:: What you have to do ::
An exact copy is required of the lines running from the one that contains "选择纯果汁，启动原汁机。" to the end of the material, both ends included, with pictures omitted.

:: Excerpted records ::
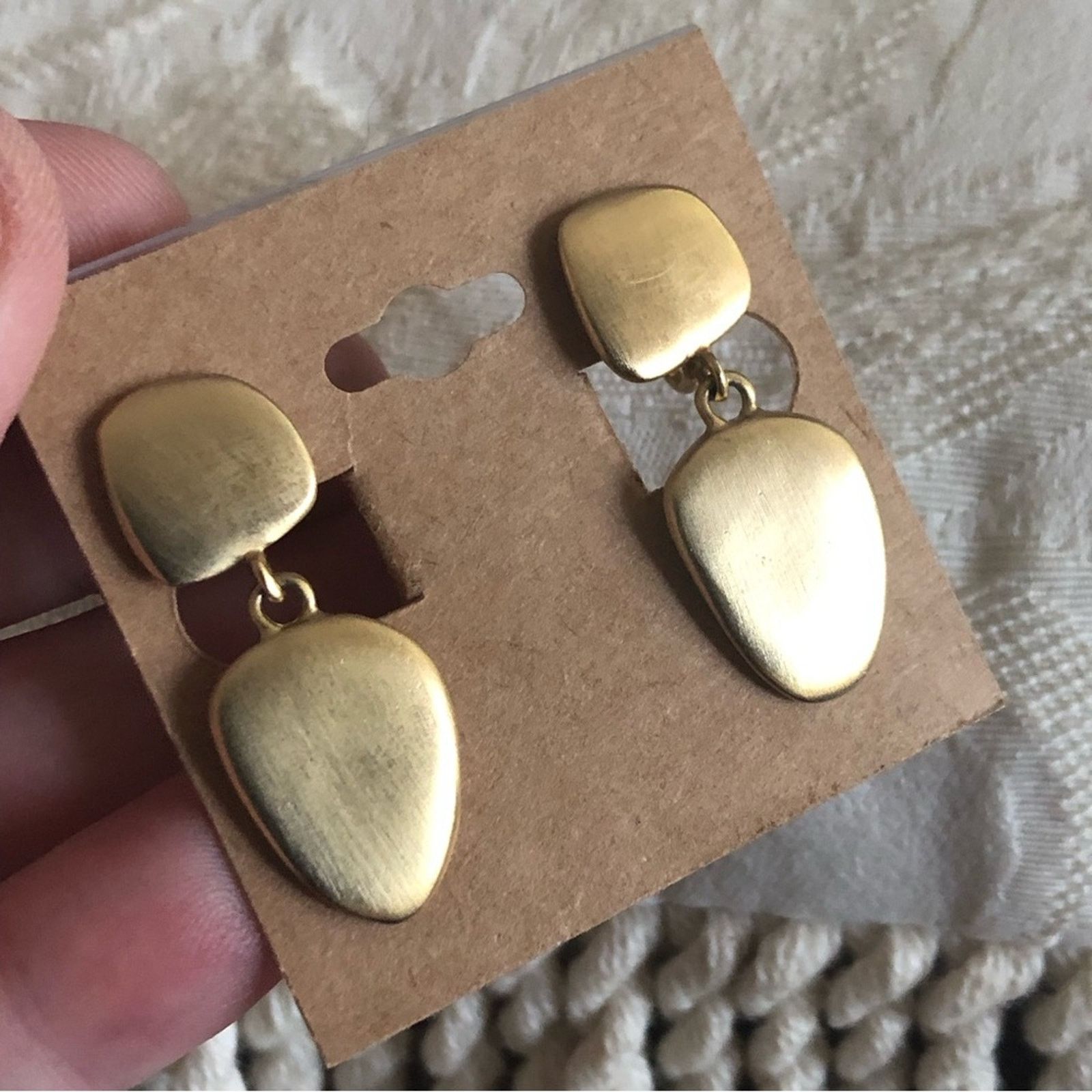 Vintage Vintage matte gold dangle clip on earrings Size ONE SIZE - 2 Thumbnail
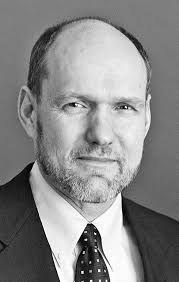 Stephen M. Walt, “Alliances: Balancing and Bandwagoning,” in AJ, 124-131.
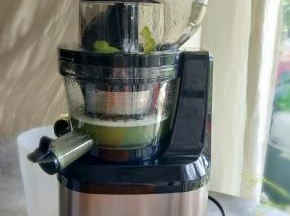 选择纯果汁，启动原汁机。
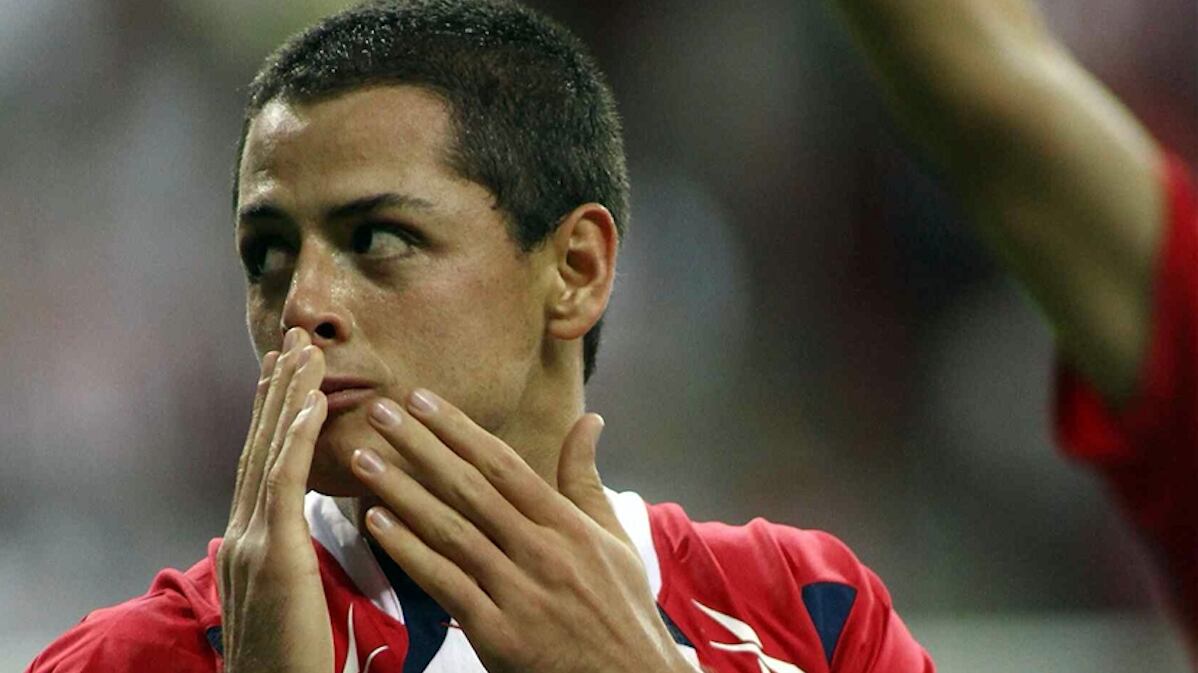 Tras casi 14 años, Chicharito volverá a jugar con Chivas.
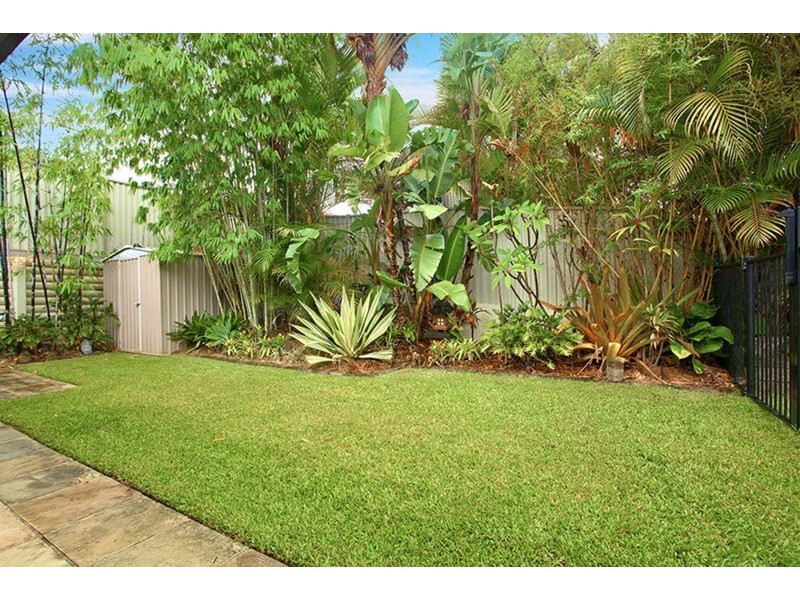 24 LILLYWOOD CIRCUIT, Molendinar QLD 4214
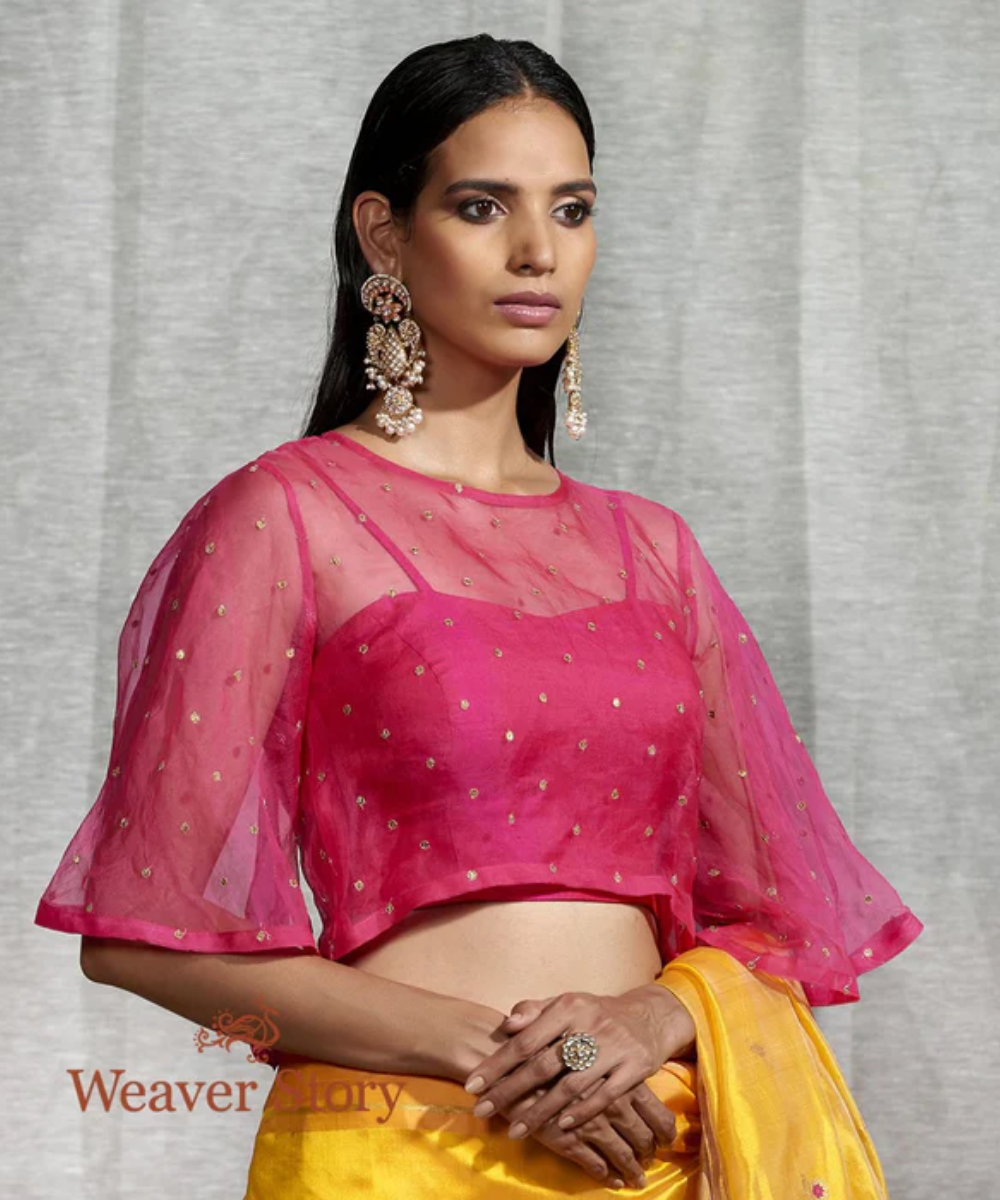 How to wear a lehenga in winters like a Bollywood diva | The Times of India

:: Result for this task ::
 选择纯果汁，启动原汁机。
 Tras casi 14 años, Chicharito volverá a jugar con Chivas.
 24 LILLYWOOD CIRCUIT, Molendinar QLD 4214
 How to wear a lehenga in winters like a Bollywood diva | The Times of India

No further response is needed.